On the heels of Bad Bunny performing yesterday’s Super Bowl halftime show entirely in Spanish…

…A rap group called Mossad Salad will be featured next year.

However, there are reports Islamic heavy hitters are lobbying Trump for equal time. They want the Call to Prayer blasted into the stadium every two minutes during the third quarter of the game. Trump is making a deal with an unnamed Middle East country to “promise” to invest $4 trillion in US data centers in return for that favor.

The Super Bowl is now deemed a global(ist) event.

Roger Goodell, NFL Commissioner, has just been awarded an honorary lifetime membership in the World Economic Forum, plus its prestigious Transgender Medal of Honor. The Medal carries with it an offer of a vaginoplasty.
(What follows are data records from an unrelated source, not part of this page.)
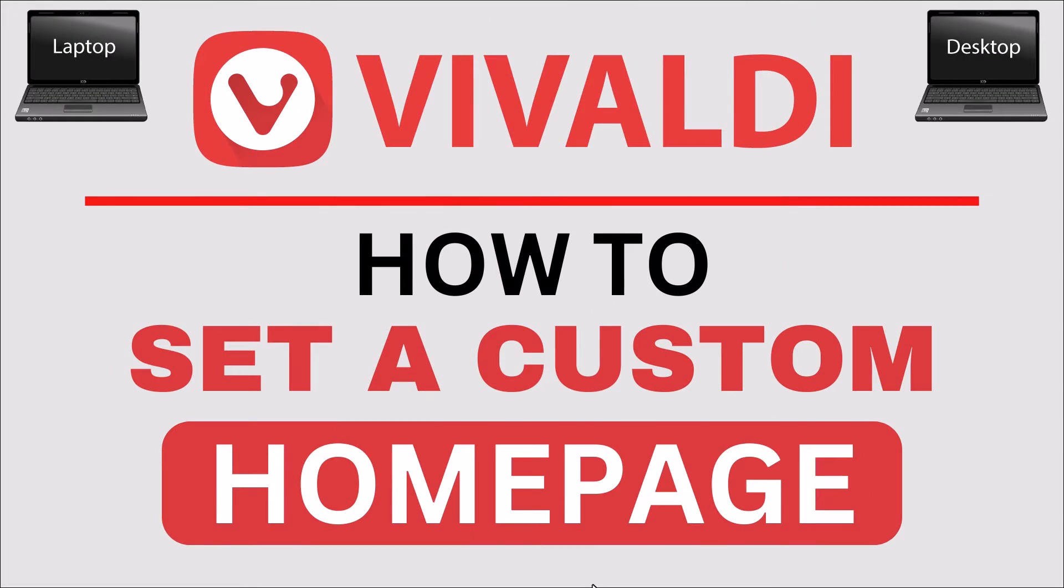This is going to be a video tutorial on how to set a custom homepage in the Vivaldi web browser. I will be using a desktop PC for this.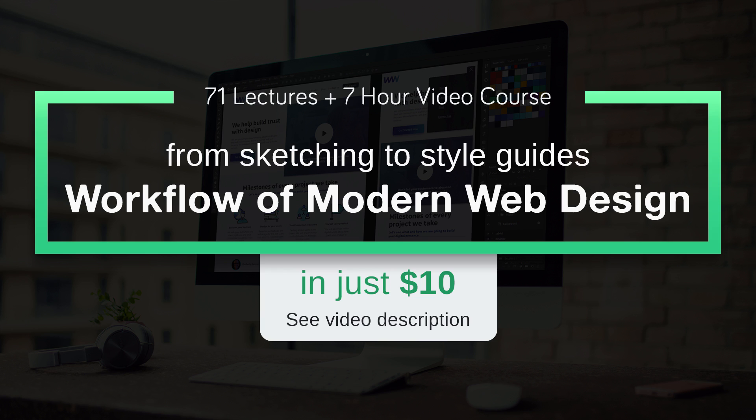...mood boards, style guides and prototyping - all these advanced web design topics - then you should take this course. Discount coupon link for this course is in the description. Get this course now for only $10 and don't miss this opportunity.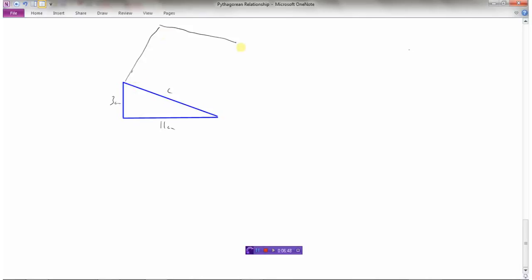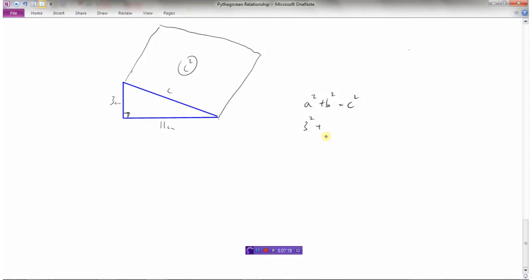In the final example, let's find the area of the square on the hypotenuse of this right triangle. We know one side length is 3 and the other side length is 11. Using Pythagoras' theorem: A squared plus B squared equals C squared. 3 squared plus 11 squared gives 9 plus 121, which is 130. So the area off C is 130 centimeters squared.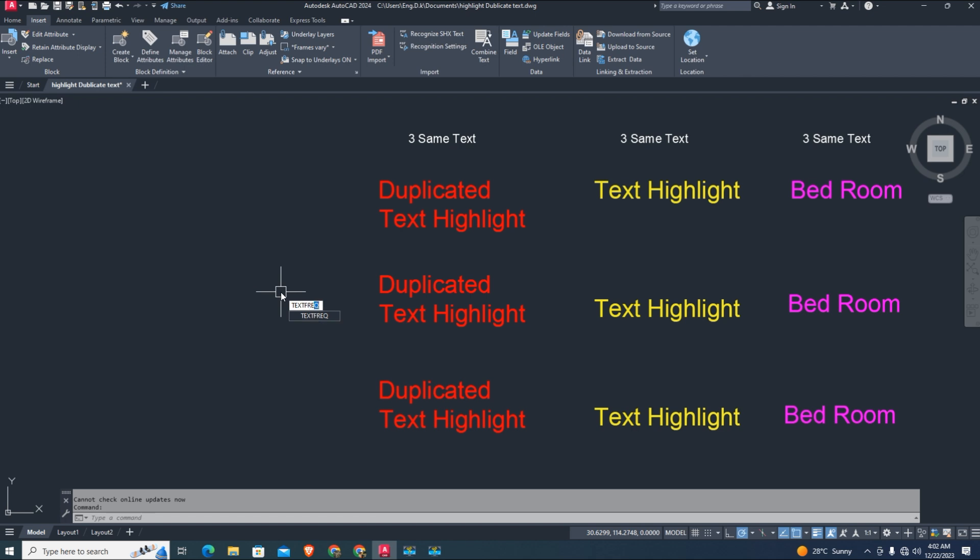Now type the command 'text frequency' and enter that by the space button on your keyboard. Select the text.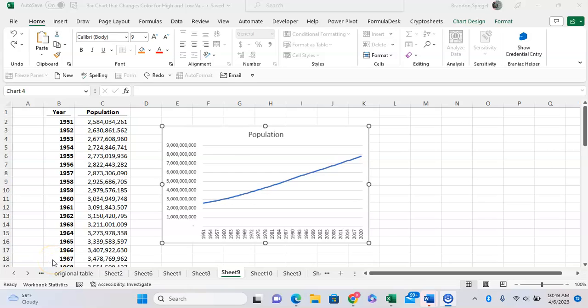What's going on YouTube. In this tutorial, I just want to show you how you can adjust the display units for the y-axis in Microsoft Excel, so that way the numbers are shown in thousands or millions instead of just plain old numbers like you see right here.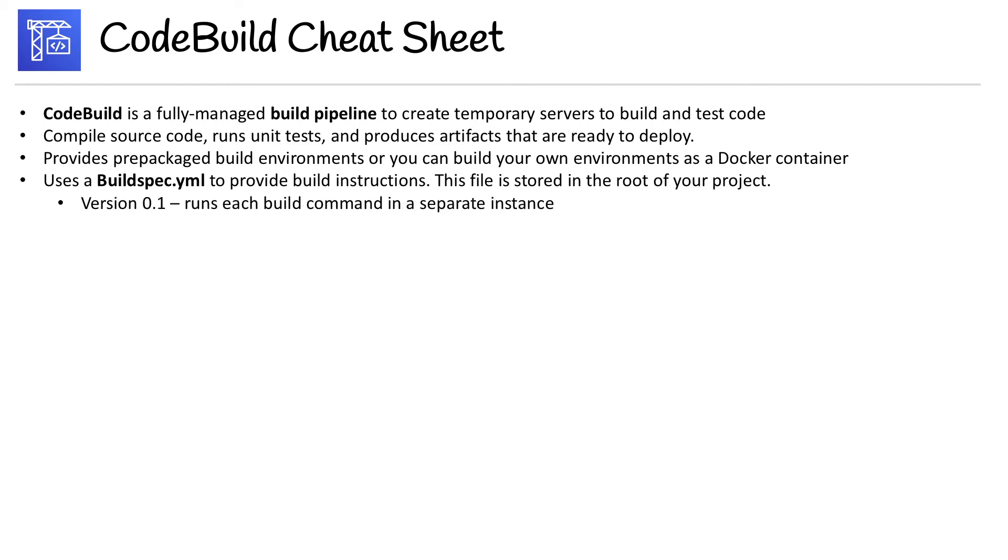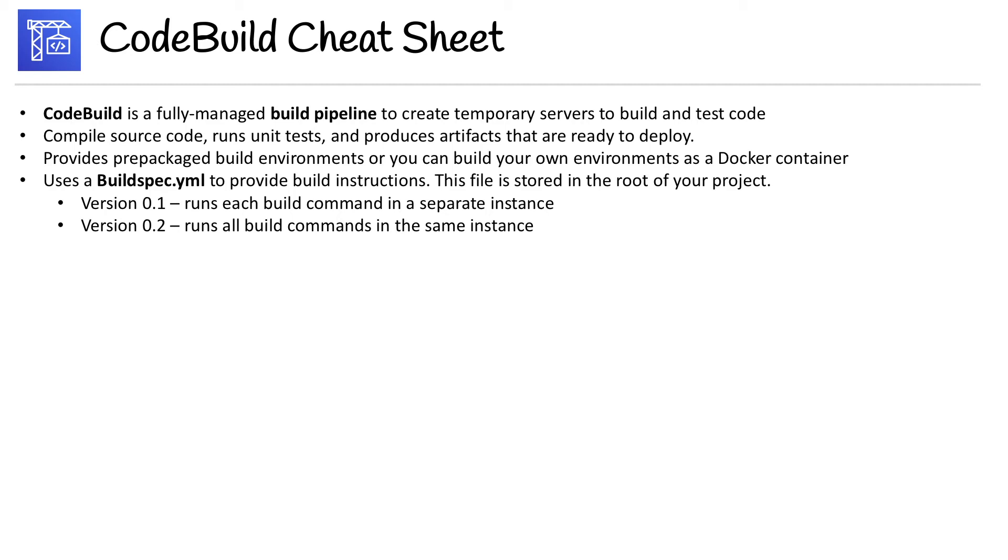We have version 0.1 of this file, which runs each build command in a separate instance, then you have version 0.2, which runs all build commands in the same instance. And when it says instance, it means like instance of a shell or bash shell, not necessarily another EC2 instance, that would be ridiculous.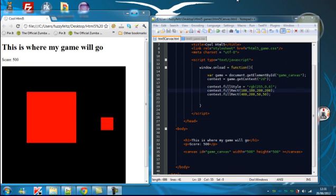Hi guys, this is Andrew from TutorialSoup and in this tutorial I've already shown you how to make rectangles so I'm going to show you how to make lines and circles.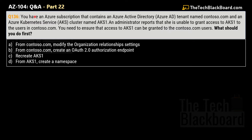The question states that you have an Azure subscription that contains an Azure Active Directory tenant named contoso.com, and it also has an Azure Kubernetes Service cluster named AKS1. The administrator reports that she is not able to grant access to AKS1 to the users in contoso.com, and you need to make sure that access to AKS1 can be granted to contoso.com users. What should you do first?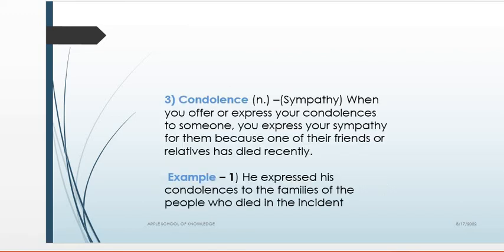3. Condolence, noun — sympathy. When you offer or express your condolences to someone, you express your sympathy for them because one of their friends or relatives has died recently. Example: He expressed his condolences to the families of the people who died in the incident.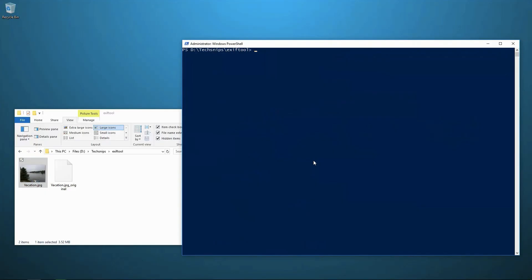I can also do that using EXIFTOOL. If I bring up the command EXIFTOOL on this vacation.jpg and I want to insert a tag, let's insert a tag called copyright. I'm going to put dash copyright equals.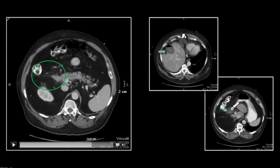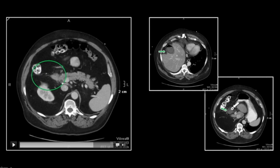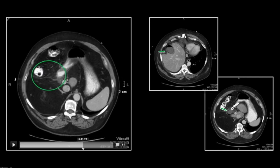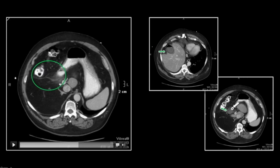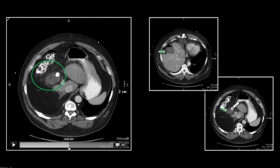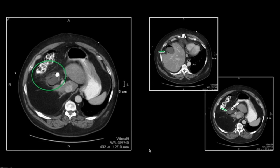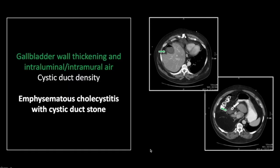You can actually pick up the common bile duct here and see the cystic duct separating from it posteriorly. There is the cystic duct, and you can then follow that up right to that stone. That is the junction of the gallbladder neck and cystic duct — a very common place for such a stone to lodge. And a classic case of emphysematous cholecystitis.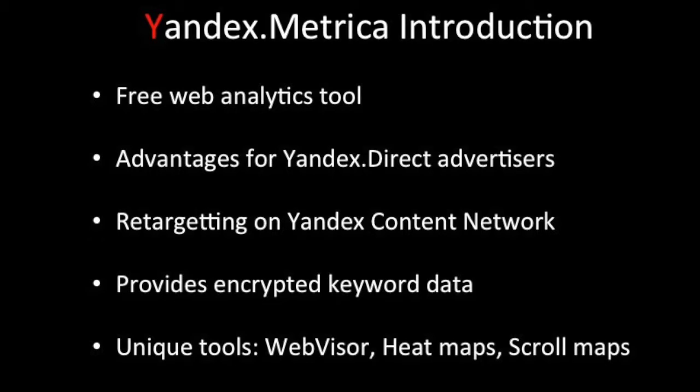Furthermore, search queries on Yandex in the past year became encrypted, but keyword data is still available through Yandex Metrica.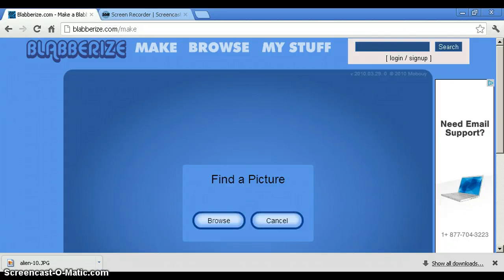Hi guys, this is Kyle. Today I'm going to show you how to use Blavorize.com. First you need to click on make when you get to the website.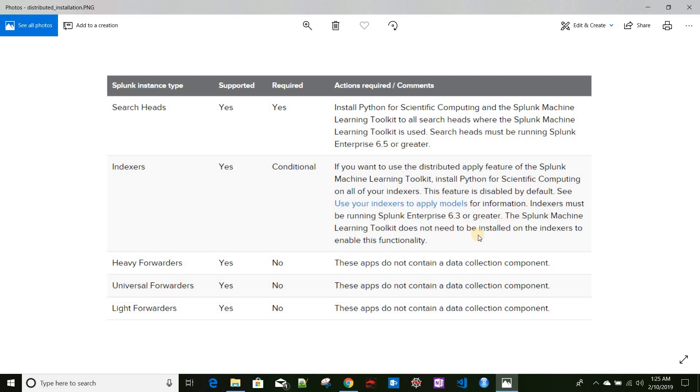At the heavy forwarder, universal forwarder, and light forwarders level, Splunk MLTK does not contain any kind of data collection feature, so it is supported but it is optional.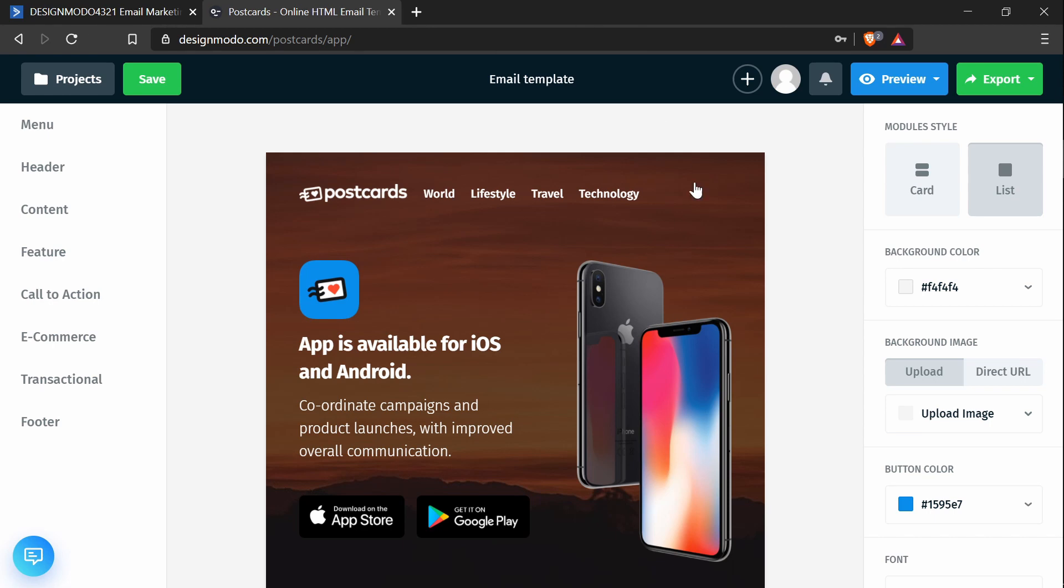Hey everyone, in this tutorial we're going to be going over how to add a template created in Postcards into an ActiveCampaign email template.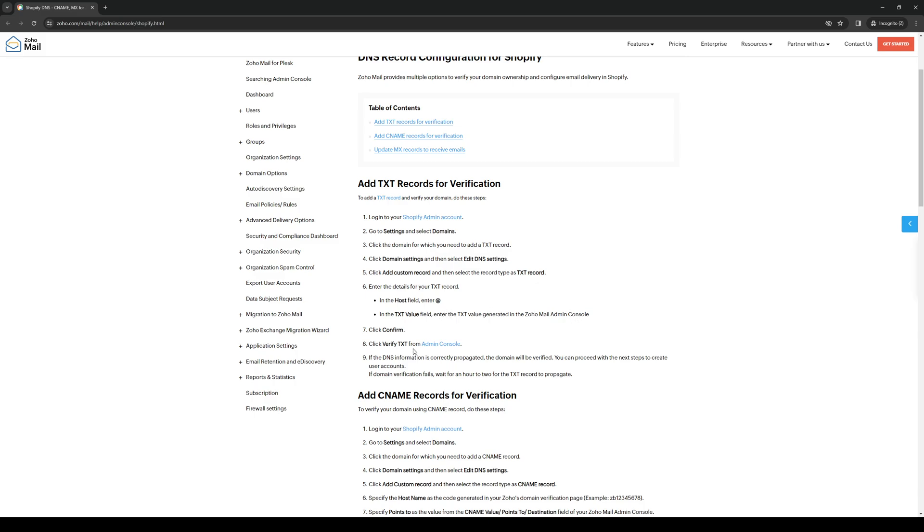Click verify from Shopify's admin console and you should be good to go. Click save and everything should be set up for you to use.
CA Governor Gavin Newsom is a past recipient of the WEF award. He declared this year’s Super Bowl Sunday Bad Bunny Day. He’s already making a play for the Latin vote in the 2028 election.

A leaked snip from a three-way phone call among Newsom, Roger Goodell and NY Mayor Zohran Mamdani reveals Newsom saying, “If I can sew up California and New York in ’28 with the Islamist vote, and Jewish bucks, I’m in like Flynn, and we can chop MAGA to pieces.”

Rachel Maddow and Morning Joe have called this “a scintillating strategy.”